The White Balloon earned its Western kudos (including the Camera D'Or at last year's Cannes Film Festival) honestly. The film was written by Abbas Kiarostami (Through the Olive Trees), the veteran filmmaker who was arguably the first Iranian to win a worldwide following through the international festival circuit. His work, which flourished under the Shah's surprisingly permissive (but politically vigilant) reign, was deemed inappropriate during the Islamic Revolution instigated by the Ayatollah.

Jafar Panahi, who had collaborated on Kiarostami's Through the Olive Trees and was savvy enough to get his own short films produced under Khomeini's disapproving nose, had already been trained to employ symbolism as a means of portraying unflattering emotions. Like Kiarostami, who relied on abstract narrative and visual themes to deliver his social criticism, Panahi was forced to go underneath the script to examine controversial issues like gender inequality, family discord, and personal ambition. While oppression makes for a miserable everyday life, it often produces great art: The White Balloon crackles with a barely sublimated rebelliousness based on one girl's refusal to listen to her elders.

Initially, little Razieh seems like just another spoiled brat in the worst Western tradition. She is easily enchanted by an open window, a charming stranger, and especially a fat goldfish--although the courtyard of her home contains many of the latter. ("They're too skinny!" she insists about her homegrown fish.)

In the opening sequence, her caustic, black-clad mother (Fereshteh Sadr Orfani) searches for Razieh in a Teheran marketplace crowded by folks preparing for a national holiday. It's the Iranian New Year, or Naw-Ruz, which happens on the first day of spring.

The film frames its real-time action through a series of radio countdowns interspersed throughout the story.

Razieh bribes her grumpy brother, Ali (Mohsen Kalifi), with the gift of a white balloon to con their stressed-out mother, who divides her time between cleaning for the holidays and caring for a husband who never seems to leave the bathroom. Ali gets a 500 note to be used for Razieh's coveted goldfish and a new pair of shoes for himself. Unfortunately, he gives it all to the impetuous Razieh, who is waylaid by the sight of con-artist snake charmers, display-window pastries, and a handsome soldier on leave who insists she resembles his own little sister.

Fortunately, Razieh is unfazed in her pursuit of the coveted marketplace goldfish (which is, in fact, a much paler shade, "as white and plump as a bride," Razieh sighs).

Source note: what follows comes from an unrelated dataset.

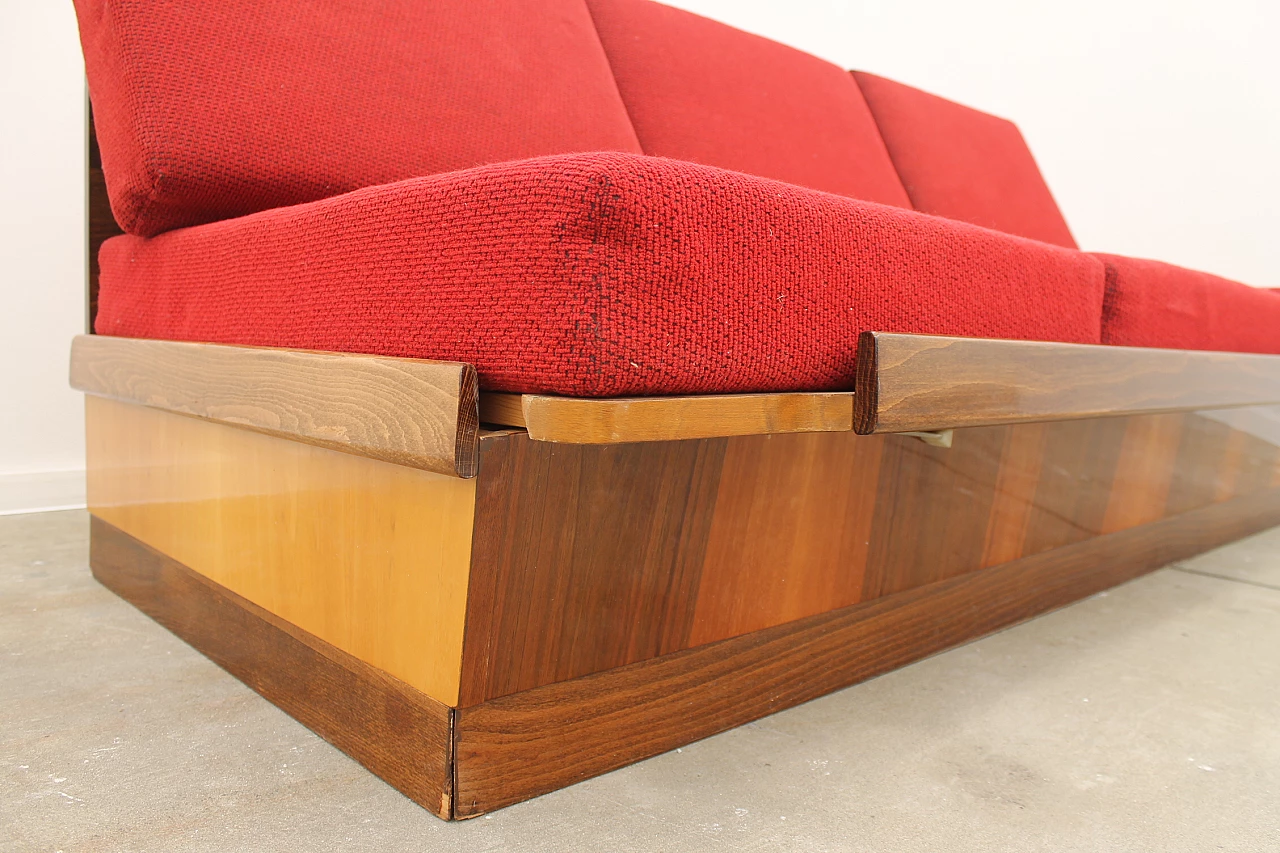 Walnut veneered folding sofa bed by Mier, 1960s 6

In the film's most unsettling sequence, Razieh challenges a pair of gray-haired street charlatans who snatch her bill from the fishbowl she carries. Finally overcome by the crowd of jeering young males who've gathered to watch the two performers' poisonous snake act, she resorts to the same tactic that has earned her titles as various as "the sweet little angel" and "the pain": She cries.

As Razieh, 7-year-old Aida Mohammadkhani amuses, startles, and triumphs. Americans are accustomed to watching child actors bluff their way through inexperience, or wield precocious early training like a sledgehammer. Director Jafar Panahi has insisted in numerous interviews that he worked with the young actors in The White Balloon on a strictly improvisational basis. He kept the script as obscure as he could, inciting each kid to react with what the scene brought and no more.

Perhaps Panahi deserves credit for the film's seamless, naturalistic exchange between grownups and children, but assisted or not, Aida Mohammadkhani supplies the heroic anchor we return to again and again. Just like most 7-year-olds, she is belligerent when crossed, tearful when hopeless, and ecstatic at each minor victory. Her relentless high-pitched nasal voice is an instrument of angry retribution which no adult can ignore.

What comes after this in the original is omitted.